Following the Nuremberg and Tokyo trials, the effort to punish war criminals internationally went into a half-century “hibernation,” Bosco says, though he points out that individual countries did file scattered cases over that time period. Then, in 1993 and 1994, the United Nations established tribunals to prosecute war crimes in the former Yugoslavia and Rwanda, respectively.
2002: International Criminal Court Created
This begged the question, Bosco explains, of why separate courts were being created for each situation “rather than a permanent institution that’s simply ready to deal with these crimes when they emerge.” Multilateral negotiations ensued, and in 2002 the International Criminal Court came into being. Since then, it has brought 31 cases, all against defendants in Africa (though investigations are ongoing elsewhere in the world as well).
Most recently, in March 2022, the ICC’s chief prosecutor announced an investigation into the Russian invasion of Ukraine. (In a separate move, the U.S. Senate condemned Russian President Vladimir Putin for alleged war crimes.)
What Constitutes a War Crime?
Despite some small differences of opinion among countries, Bosco says there is now broad consensus on what constitutes a war crime. Relying heavily on the 1949 Geneva Conventions, along with a 1977 update, the statute governing the ICC contains a long list of war crimes, including torture, willful killing, willfully causing great suffering, extensively destroying property, taking hostages, intentionally directing attacks against civilians, intentionally directing attacks against humanitarian aid workers, improperly using a flag of truce, pillaging, sexual violence, conscripting children, and the use of poison weapons.
SáCouto adds that to be a war crime, there must be an armed conflict—not just protests or riots.
Many of the highest-profile cases now head to the ICC, which considers itself a court of last resort. “They didn’t want to displace national courts,” Bosco says. “They wanted to keep the onus on governments to do these prosecutions themselves.”
Ideally, the existence of the ICC deters potential war criminals. Yet even staunch supporters of the court acknowledge some imperfections.

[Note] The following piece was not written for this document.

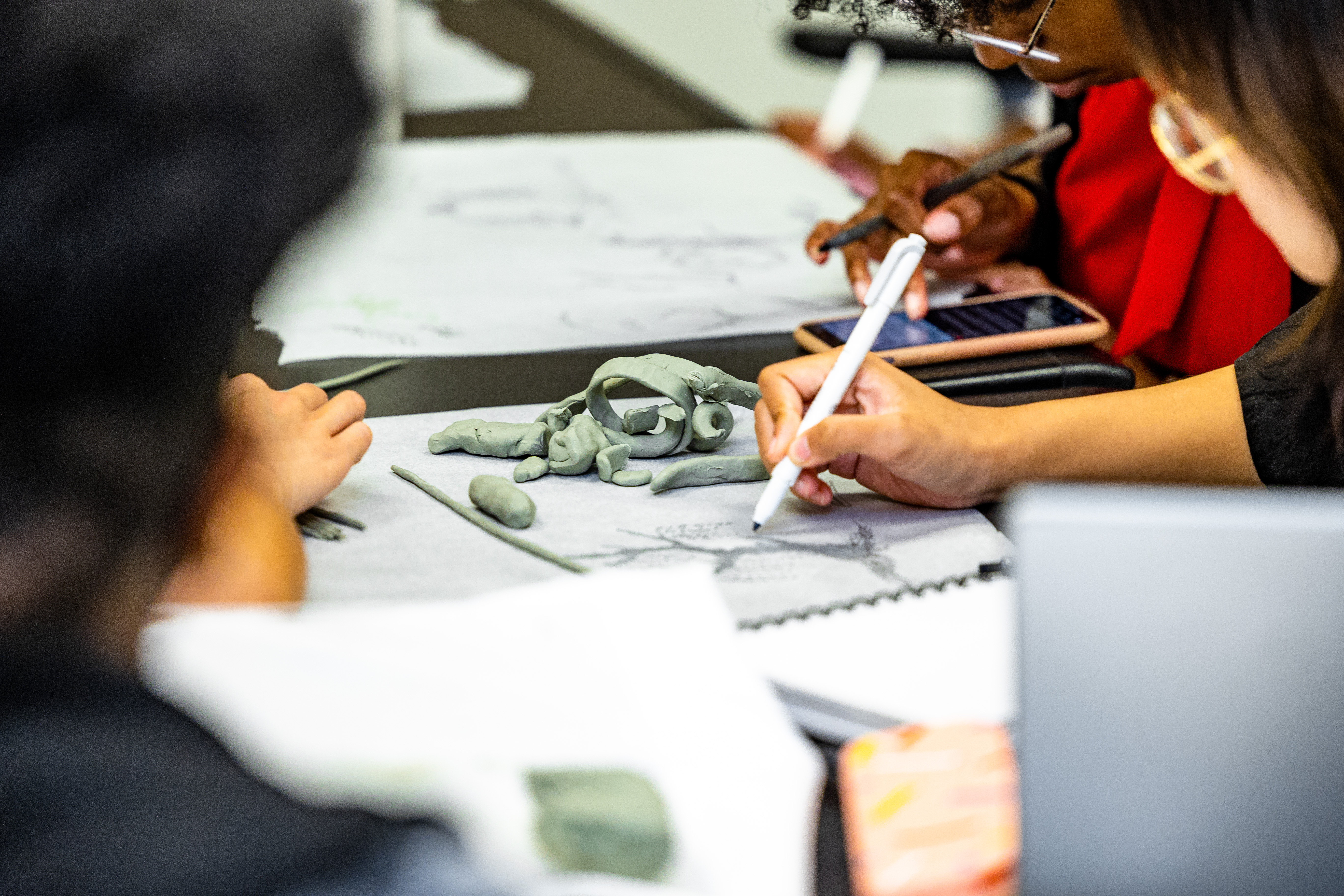 University of Memphis students collaborate on different ideas for the BlueOval City sculpture.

Neither the United States nor China are among the 123 member states. Russia and Ukraine likewise aren’t members, though in recent years Ukraine has given the court ad hoc jurisdiction regarding its conflict with Russia.
Certain accused war criminals, such as former Sudanese President Omar al-Bashir, have not yet been handed over to the ICC. For others, such as Ratko Mladic, an army general nicknamed the “butcher of Bosnia”—who was tried before the Yugoslavia tribunal—convictions can be decades in the making. “But that’s not a good reason not to move forward,” SáCouto says. “It just might take a while.”